Genre: Comedy, Drama, Romance
Directed by: Roger Michell
Starring: Hugh Grant, Julia Roberts, Rhys Ifans
I don’t want to cause controversy here (or maybe I do) but I can only think of a small handful of Rom-Coms that I actually consider good films. The problem I have is similar to the problem I have with a lot of modern horror; there’s just no originality to hold my interest. 9 times out of 10: boy meets girl, fall in love, problem arises, relationship is put in jeopardy, boy and girl realize error of their ways and fall in love, living happily ever after (or until they make a sequel).
Notting Hill works because it takes the basic Rom-Com structure, but manages to find originality through the characters and the situations they find themselves in. Most of this is down to the talents of Richard Curtis, who has a real eye for situation comedy. Curtis’s tale follows Will, the divorced owner of a travel bookshop in London’s illustrious Notting Hill. One day Anna Scott, the world’s biggest movie star, walks in to Will’s shop. Against all the odds Anna & Will begin to fall for each other, but their vastly different walks of life threaten to ruin their relationship.

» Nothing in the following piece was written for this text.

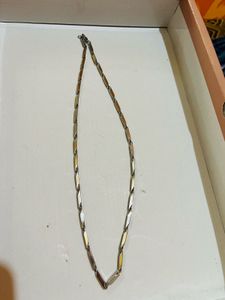 Gold Plated chain new with tag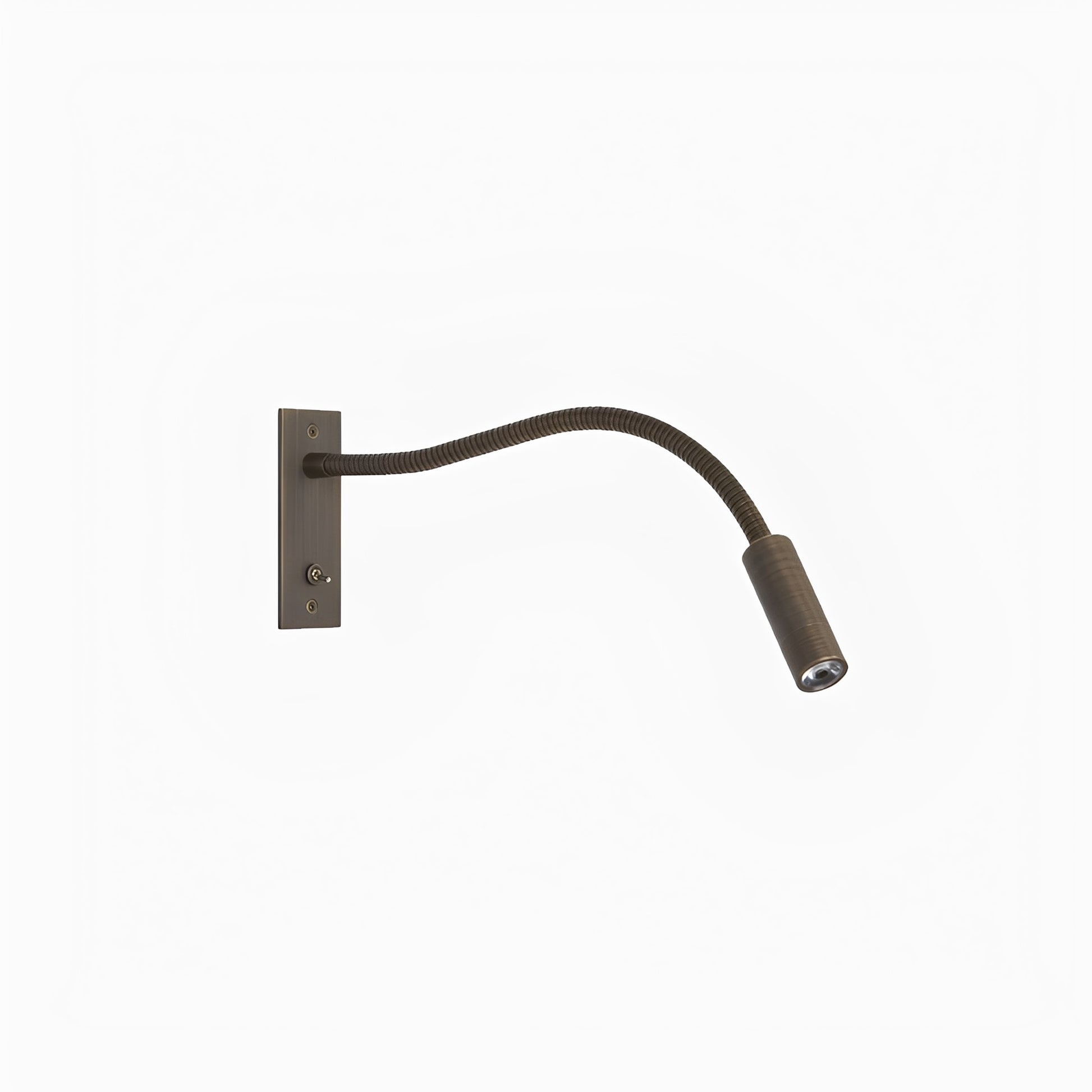 Navo | Adjustable Wall Spotlight with Integrated LED – Minimalist Design for Precise Lighting 5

It’s a charming love story that is, of course, predictable in its narrative structure. However, Curtis manages to find enough compelling originality by clashing Will’s relatable life with that of Anna’s world of press conferences and fancy parties. It’s this clash of cultures that’s wonderfully highlighted during the films standout scene, in which Will brings Anna to his baby sisters dinner party as his date. It’s a testament to the talent of Curtis that he manages to mix the comedy of this culture clash – the facial expressions of Will’s friend as they realize who he has brought to dinner are priceless – with moments of heartache; Gina McKee’s revelation about being unable to have a child is quietly devastating.
As Will, Hugh Grant plays the bumbling English gent like it’s second nature. For the most part his comic timing is flawless and Curtis’s script throws up some great lines; Will, having been forced to impersonate a journalist at a movie press junket, asking a young Mischa Barton if Leonardo DiCaprio is her “favorite Italian director” makes me laugh every time. Meanwhile, Julia Roberts (an actress for whom I am not a fan) does well in making a relatable human character out of a 2 dimensional movie star that, at times, you want to hate and can’t help but like. The chemistry between the two stars is clear to see; theirs is a love story that you cannot help but be swept up in.
Notting Hill has a fantastic supporting cast, all of who hold their own admirably. However, it is Rhys Ifans as Will’s flat mate Spike who steals the show; he gets all the best lines and his delivery is always perfect.
Of course, some aspects of Moore’s film fall too close to cheesy; the soundtrack, for example, makes you sigh whenever it kicks in (particularly that god awful Ronan Keating song). Worse than that is the presentation of London, which is just annoyingly fanciful.
Nonetheless, Notting Hill remains a superior Rom-Com; in fact I would go as far as to say it is favourite. It’s rare that I am able to watch a film with Hugh Grant in without crying and while I cry during Notting Hill, that’s with laughter not with disappointment.